→ DATA SHOWN
Segment Open

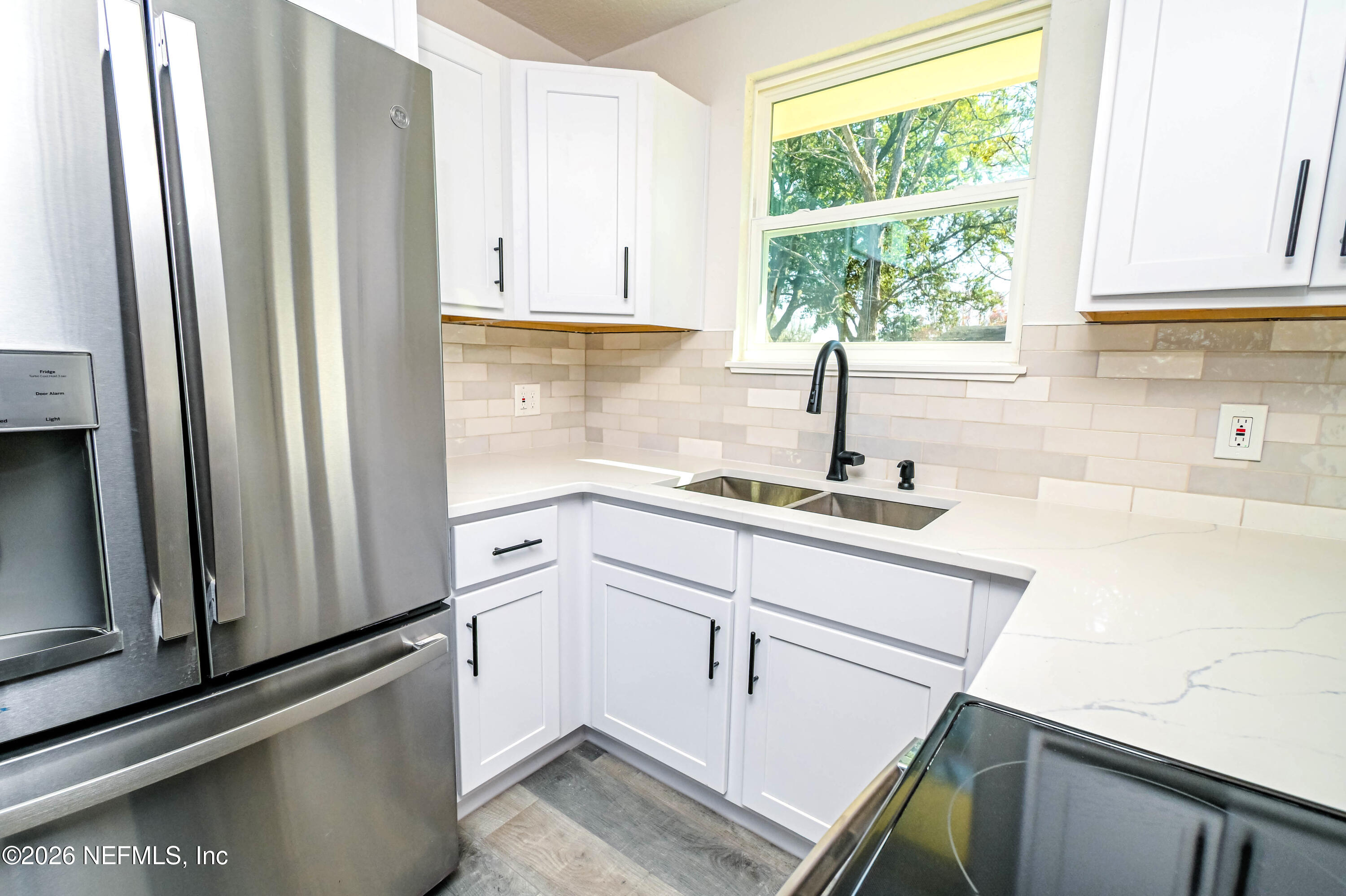 406 Barbara Circle Macclenny, FL 32063 - Photo 6 of 31 a kitchen with a sink a refrigerator and window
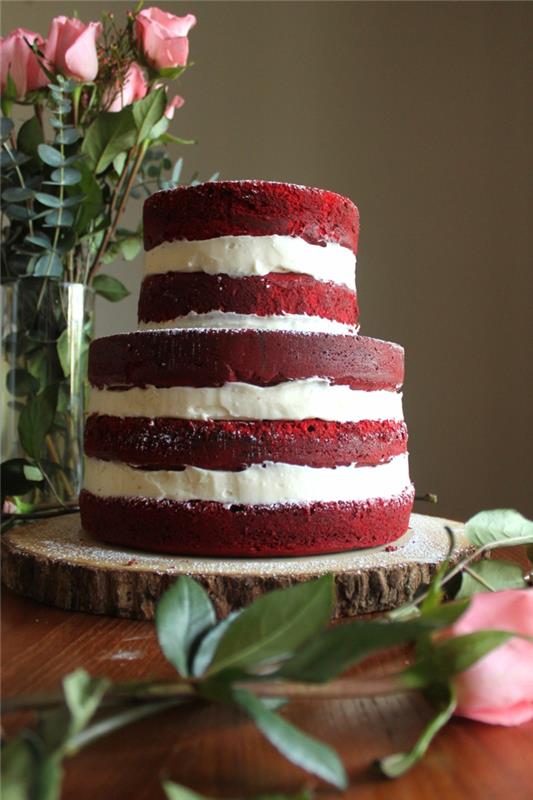 raudonas aksominis pyragas ant medinio rąsto, vanilinis kremas, kaimiškos rožės, gimtadienio tortas
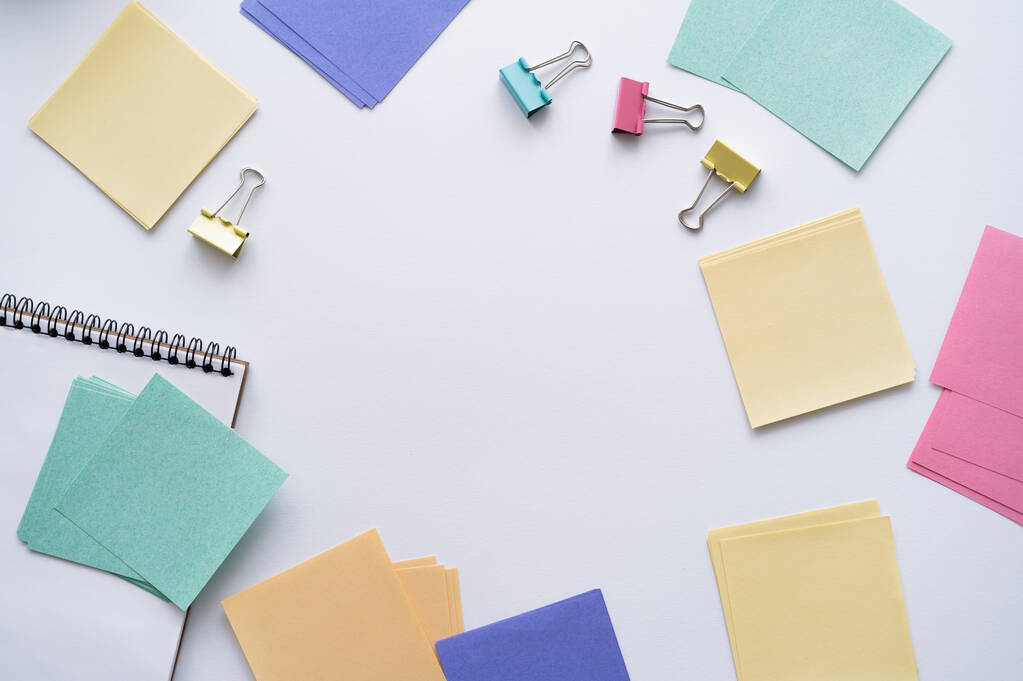 flat lay of colorful paper notes and fold back clips on white - Fotografie, Obrázek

Segment Closed

→ WHAT THE TASK REQUIRES
Return all the material exactly, skipping pictures.

→ RESULT FOR THIS TASK
 406 Barbara Circle Macclenny, FL 32063 - Photo 6 of 31 a kitchen with a sink a refrigerator and window
 raudonas aksominis pyragas ant medinio rąsto, vanilinis kremas, kaimiškos rožės, gimtadienio tortas
 flat lay of colorful paper notes and fold back clips on white - Fotografie, Obrázek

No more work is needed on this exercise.